Your objective: Each entry below should be given again exactly; the pictures stay out.

◆ ◆ ◆ ◆

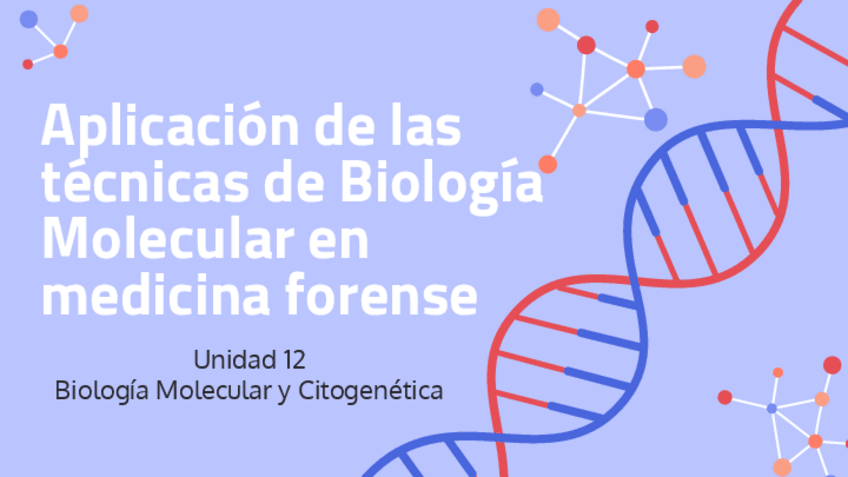 Miniatura del documento 12.-Aplicacion-de-las-tecnicas-de-Biologia-Molecular-en-medicina-forense.pdf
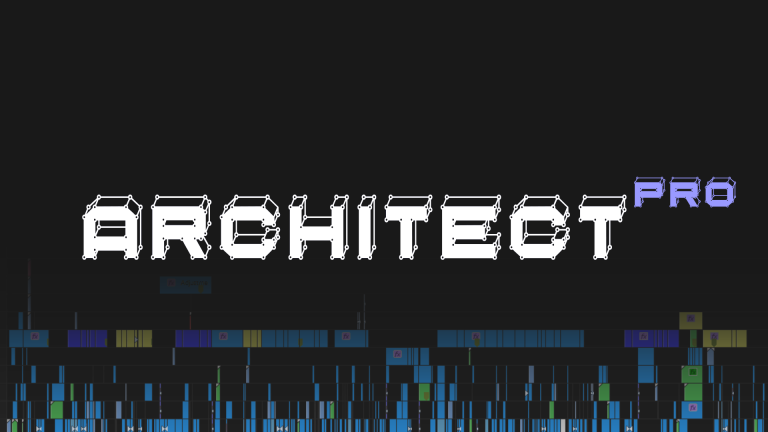 Architect Pro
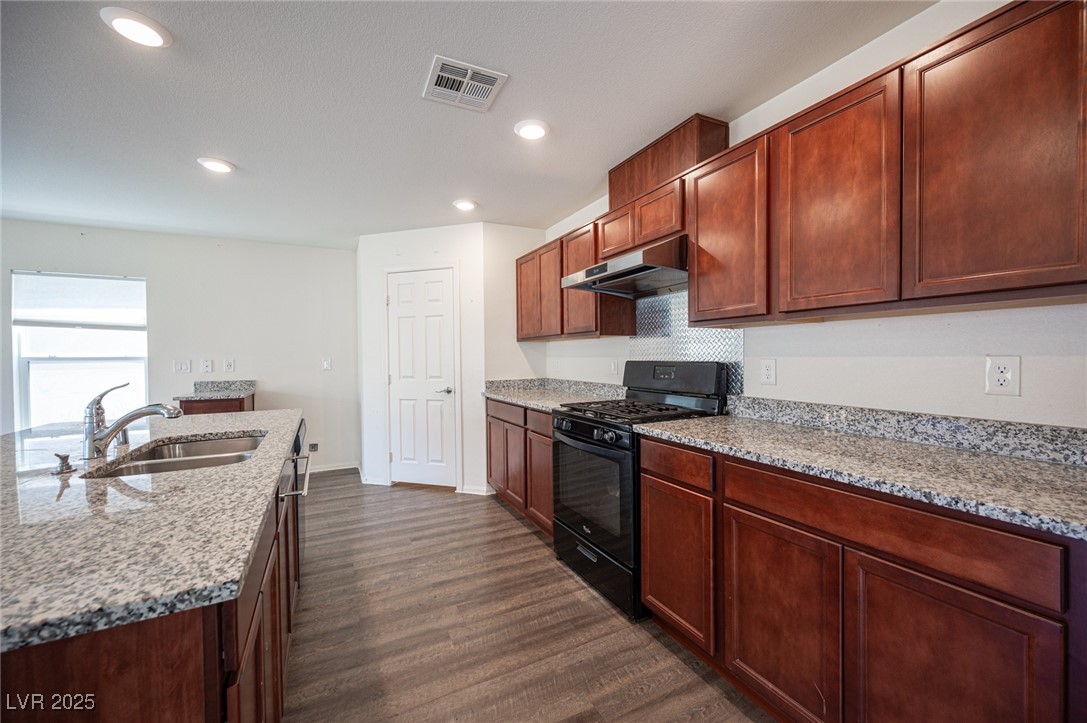 5548 Anshan Street Las Vegas NV 89148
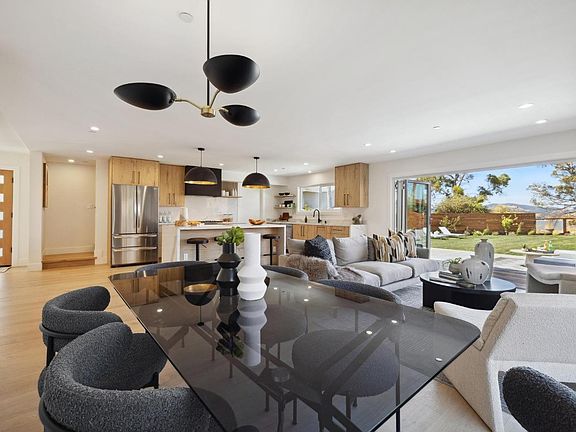 4th image of 254 Balclutha Drive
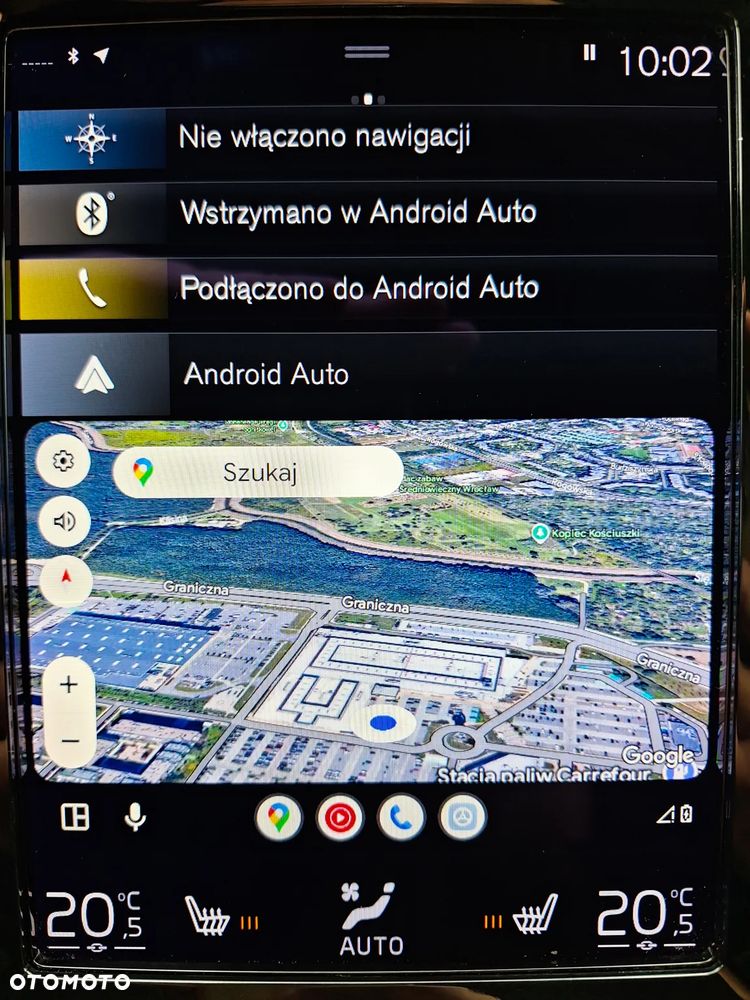 Volvo V60 B4 D Momentum Pro - 34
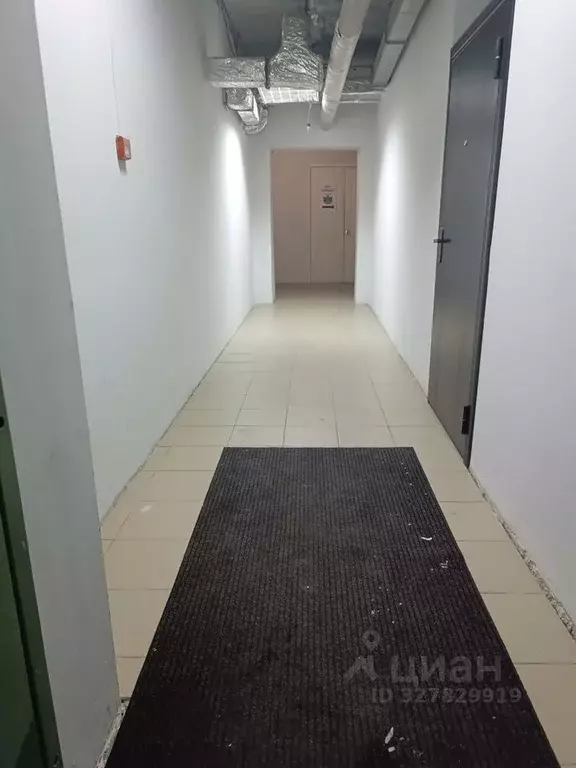 Помещение свободного назначения в Новосибирская область, Новосибирск ... - Фото 1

◆ ◆ ◆ ◆

The completed task:
 Miniatura del documento 12.-Aplicacion-de-las-tecnicas-de-Biologia-Molecular-en-medicina-forense.pdf
 Architect Pro
 5548 Anshan Street Las Vegas NV 89148
 4th image of 254 Balclutha Drive
 Volvo V60 B4 D Momentum Pro - 34
 Помещение свободного назначения в Новосибирская область, Новосибирск ... - Фото 1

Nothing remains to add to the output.